Günlük
Günlük, Günü gününe sürekli tutulmuş, bireysel ya da nesnel olayları yansıtan notlar dizisi. Daha geniş bir tanımla bir kimsenin duygularını, düşüncelerini, gözlemlerini, izlenimlerini, başından geçen olayları, okuduğu kitaplarla ilgili düşüncelerini, vb., günü gününe yazarak ve üstüne tarih koyarak oluşturduğu yazı olan günlük, yazarın kendiyle yaptığı bir konuşma niteliği taşır. Bazı günlükler, dışa dönük bir bakışla yazılmıştır: Konu, yazarın dışındaki kişiler, olaylar, vb'dir. Bu tür günlükler, yazıldıkları dönemin ilgi çekici özelliklerini yansıtmaları bakımından önemlidirler. Bazı günlüklerse, içe dönük bir bakışla yazılmıştır. Bu tür günlükler, yazarın iç dünyasını (duygularını, çatışmalarını, vb.) ortaya koyar, yazarın çok yönlü olarak tanınmasına, bilinmesine katkıda bulunurlar.
Günlükler genel olarak ikiye ayrılır: a) Edebiyat günlüğü; b) Özel günlük. Edebiyat günlüğü, daha çok, yazarın edebiyat ve sanat üstüne görüşlerinden oluşur. Özel günlüklerse, kişilerin iç dünyalarını, kendi sorunlarını, kendi bunalımlarını yansıtır.
Batıda Rönesans'tan sonra pek çok sanat, siyaset ve düşünce adamı günlük türünde yapıt vermiştir: Alman edebiyatında J. W. Goethe, Paul Klee, Franz Kafka, Heinrich Böll; ABD edebiyatında Henry David Thoreau, Herman Melville, Henry James; Fransız edebiyatında Stendhal, Alfred de Vigny, Goncourt Kardeşler, Andre Maurois; İngiliz edebiyatında Samuel Pepys, Somerset Maugham, Virginia Woolf, Katherine Mansfield; İtalyan edebiyatında Cesare Pavese; vb.
TÜRK EDEBİYATINDA GÜNLÜK
Günlük, Türk edebiyatına Batı'dan gelme bir türdür.
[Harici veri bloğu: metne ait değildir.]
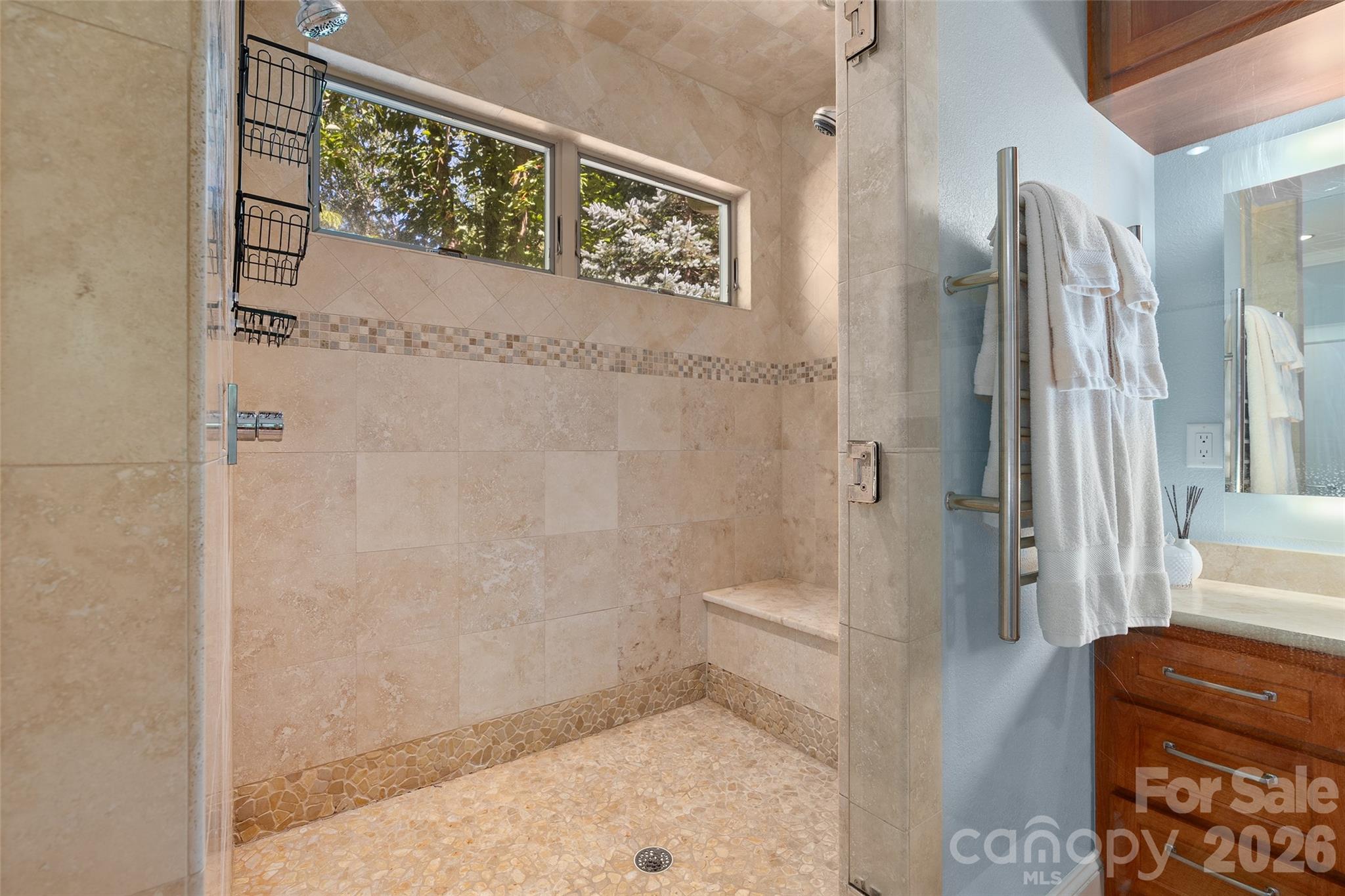 330 Sanctuary Drive — Waynesville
Divan edebiyatında görülen vakayinameler, seyahatnameler ve sefaretnamelerde günlük sayılabilecek bölümlere raslanırsa da, bunları günlük olarak değerlendirmek pek doğru olmaz. Tanzimat'tan sonra günlük için "jurnal", "ruzname", "hatıra defteri" gibi terimler kullanılmış, Falih Rıfkı Atay "gündem" ve "gündelik" sözcüklerini denemiş, Salâh Birsel "günlük", Nurullah Ataç da "günce" terimlerini yeğlemişlerdir.
Edebiyatımızda Batılı anlamda ilk günlük, şair Nigâr Hanım'ın tuttuğu, 1959'da yayınlanan Hayatımın Hikâyesi adlı yapıtıdır. Sonraki yıllarda yayınlanan günlüklerin bir bölümü kitaplaştırılmış, bir bölümü ise dergi sayfaları arasında kalmıştır. Yeni Türk edebiyatında günlük
türünde yapıt veren başlıca yazarlar arasında: Direktör Ali Bey, Ahmet Refik, İbnülemin Mahmut Kemal İnal, Ömer Seyfettin, Falih Rıfkı Atay, Salâh Birsel, Nurullah Ataç,Selahattin Batu,Oktay Akbal, Burhan Arpad, Muzaffer Buyrukçu, Mehmet Şeyda, Tomris Uyar, vb. sayılabilir.